## Exercise prompt
Hand back each record exactly as you find it.

## Given records
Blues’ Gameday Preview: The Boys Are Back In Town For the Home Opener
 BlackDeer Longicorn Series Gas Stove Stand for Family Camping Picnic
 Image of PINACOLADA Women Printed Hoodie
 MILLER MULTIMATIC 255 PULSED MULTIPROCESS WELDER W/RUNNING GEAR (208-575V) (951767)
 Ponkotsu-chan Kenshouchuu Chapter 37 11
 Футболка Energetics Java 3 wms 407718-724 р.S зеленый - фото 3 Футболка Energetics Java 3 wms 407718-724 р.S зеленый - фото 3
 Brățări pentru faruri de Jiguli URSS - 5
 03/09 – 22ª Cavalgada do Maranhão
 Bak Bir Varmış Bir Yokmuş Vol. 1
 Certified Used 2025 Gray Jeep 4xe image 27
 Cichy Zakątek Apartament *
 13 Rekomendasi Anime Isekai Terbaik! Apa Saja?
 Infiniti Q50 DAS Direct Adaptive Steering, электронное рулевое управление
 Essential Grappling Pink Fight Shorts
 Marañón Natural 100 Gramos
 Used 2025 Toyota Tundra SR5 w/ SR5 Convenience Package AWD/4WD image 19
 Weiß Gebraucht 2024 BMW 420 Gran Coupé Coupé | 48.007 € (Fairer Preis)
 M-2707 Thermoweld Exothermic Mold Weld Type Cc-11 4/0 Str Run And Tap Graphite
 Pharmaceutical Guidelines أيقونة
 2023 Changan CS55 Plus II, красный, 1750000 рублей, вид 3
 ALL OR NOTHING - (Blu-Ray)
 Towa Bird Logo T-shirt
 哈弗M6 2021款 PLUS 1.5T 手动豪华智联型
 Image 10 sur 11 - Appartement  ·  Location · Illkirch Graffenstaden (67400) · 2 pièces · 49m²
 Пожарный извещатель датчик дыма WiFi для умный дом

## Response to this exercise
Blues’ Gameday Preview: The Boys Are Back In Town For the Home Opener
 BlackDeer Longicorn Series Gas Stove Stand for Family Camping Picnic
 Image of PINACOLADA Women Printed Hoodie
 MILLER MULTIMATIC 255 PULSED MULTIPROCESS WELDER W/RUNNING GEAR (208-575V) (951767)
 Ponkotsu-chan Kenshouchuu Chapter 37 11
 Футболка Energetics Java 3 wms 407718-724 р.S зеленый - фото 3 Футболка Energetics Java 3 wms 407718-724 р.S зеленый - фото 3
 Brățări pentru faruri de Jiguli URSS - 5
 03/09 – 22ª Cavalgada do Maranhão
 Bak Bir Varmış Bir Yokmuş Vol. 1
 Certified Used 2025 Gray Jeep 4xe image 27
 Cichy Zakątek Apartament *
 13 Rekomendasi Anime Isekai Terbaik! Apa Saja?
 Infiniti Q50 DAS Direct Adaptive Steering, электронное рулевое управление
 Essential Grappling Pink Fight Shorts
 Marañón Natural 100 Gramos
 Used 2025 Toyota Tundra SR5 w/ SR5 Convenience Package AWD/4WD image 19
 Weiß Gebraucht 2024 BMW 420 Gran Coupé Coupé | 48.007 € (Fairer Preis)
 M-2707 Thermoweld Exothermic Mold Weld Type Cc-11 4/0 Str Run And Tap Graphite
 Pharmaceutical Guidelines أيقونة
 2023 Changan CS55 Plus II, красный, 1750000 рублей, вид 3
 ALL OR NOTHING - (Blu-Ray)
 Towa Bird Logo T-shirt
 哈弗M6 2021款 PLUS 1.5T 手动豪华智联型
 Image 10 sur 11 - Appartement  ·  Location · Illkirch Graffenstaden (67400) · 2 pièces · 49m²
 Пожарный извещатель датчик дыма WiFi для умный дом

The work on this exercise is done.